■ RECORDS SUPPLIED
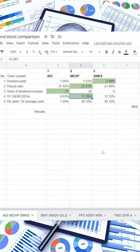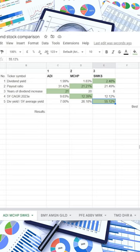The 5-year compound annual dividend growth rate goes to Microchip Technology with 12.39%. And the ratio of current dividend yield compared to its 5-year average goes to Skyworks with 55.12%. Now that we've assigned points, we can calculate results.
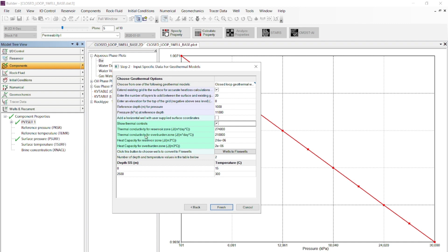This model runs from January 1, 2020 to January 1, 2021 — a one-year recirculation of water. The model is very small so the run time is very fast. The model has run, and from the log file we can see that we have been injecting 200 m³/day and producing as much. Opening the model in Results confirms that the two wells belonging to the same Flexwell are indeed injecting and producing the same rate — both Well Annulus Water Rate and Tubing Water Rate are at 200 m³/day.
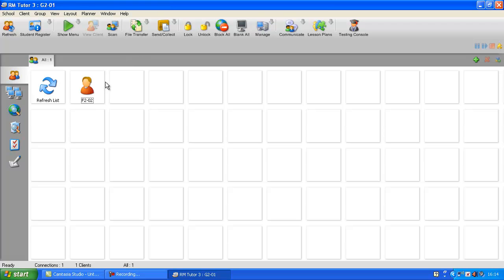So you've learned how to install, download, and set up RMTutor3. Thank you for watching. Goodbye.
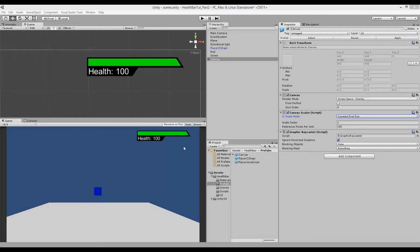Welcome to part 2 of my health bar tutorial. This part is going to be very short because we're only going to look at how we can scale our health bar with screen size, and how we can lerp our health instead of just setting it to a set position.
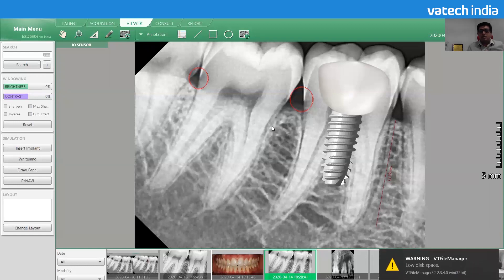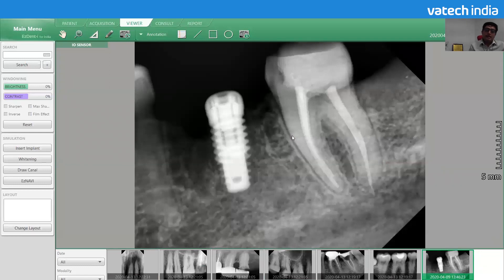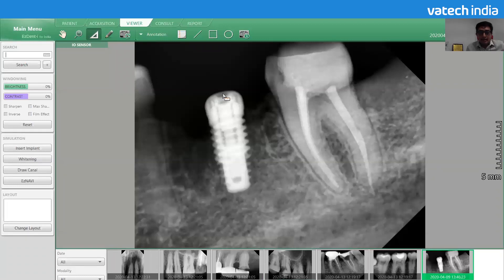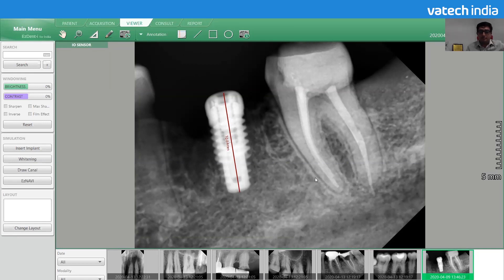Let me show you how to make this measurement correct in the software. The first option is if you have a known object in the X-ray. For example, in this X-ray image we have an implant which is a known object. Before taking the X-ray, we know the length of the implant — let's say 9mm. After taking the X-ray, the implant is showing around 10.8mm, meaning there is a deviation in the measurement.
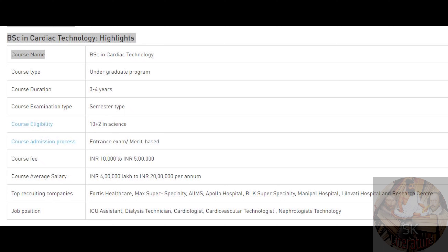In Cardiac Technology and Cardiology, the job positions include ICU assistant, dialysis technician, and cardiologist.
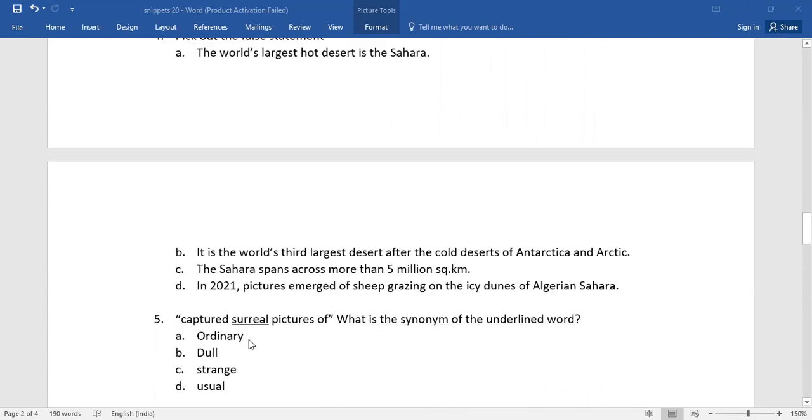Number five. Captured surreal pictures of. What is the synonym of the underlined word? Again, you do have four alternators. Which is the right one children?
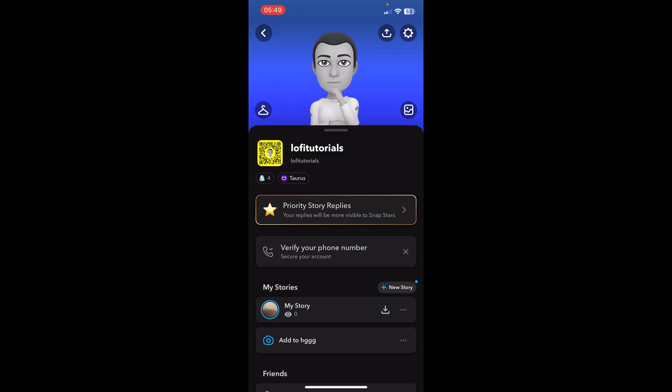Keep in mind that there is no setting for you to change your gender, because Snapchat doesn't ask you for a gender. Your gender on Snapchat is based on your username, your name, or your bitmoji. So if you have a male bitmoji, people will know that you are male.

■ WHAT THE TASK ASKS
Each entry above must be restated word for word; the pictures stay out of the copy.

■ SOLUTION
The 5-year compound annual dividend growth rate goes to Microchip Technology with 12.39%. And the ratio of current dividend yield compared to its 5-year average goes to Skyworks with 55.12%. Now that we've assigned points, we can calculate results.
This model runs from January 1, 2020 to January 1, 2021 — a one-year recirculation of water. The model is very small so the run time is very fast. The model has run, and from the log file we can see that we have been injecting 200 m³/day and producing as much. Opening the model in Results confirms that the two wells belonging to the same Flexwell are indeed injecting and producing the same rate — both Well Annulus Water Rate and Tubing Water Rate are at 200 m³/day.
So you've learned how to install, download, and set up RMTutor3. Thank you for watching. Goodbye.
Welcome to part 2 of my health bar tutorial. This part is going to be very short because we're only going to look at how we can scale our health bar with screen size, and how we can lerp our health instead of just setting it to a set position.
Let me show you how to make this measurement correct in the software. The first option is if you have a known object in the X-ray. For example, in this X-ray image we have an implant which is a known object. Before taking the X-ray, we know the length of the implant — let's say 9mm. After taking the X-ray, the implant is showing around 10.8mm, meaning there is a deviation in the measurement.
In Cardiac Technology and Cardiology, the job positions include ICU assistant, dialysis technician, and cardiologist.
Number five. Captured surreal pictures of. What is the synonym of the underlined word? Again, you do have four alternators. Which is the right one children?
Keep in mind that there is no setting for you to change your gender, because Snapchat doesn't ask you for a gender. Your gender on Snapchat is based on your username, your name, or your bitmoji. So if you have a male bitmoji, people will know that you are male.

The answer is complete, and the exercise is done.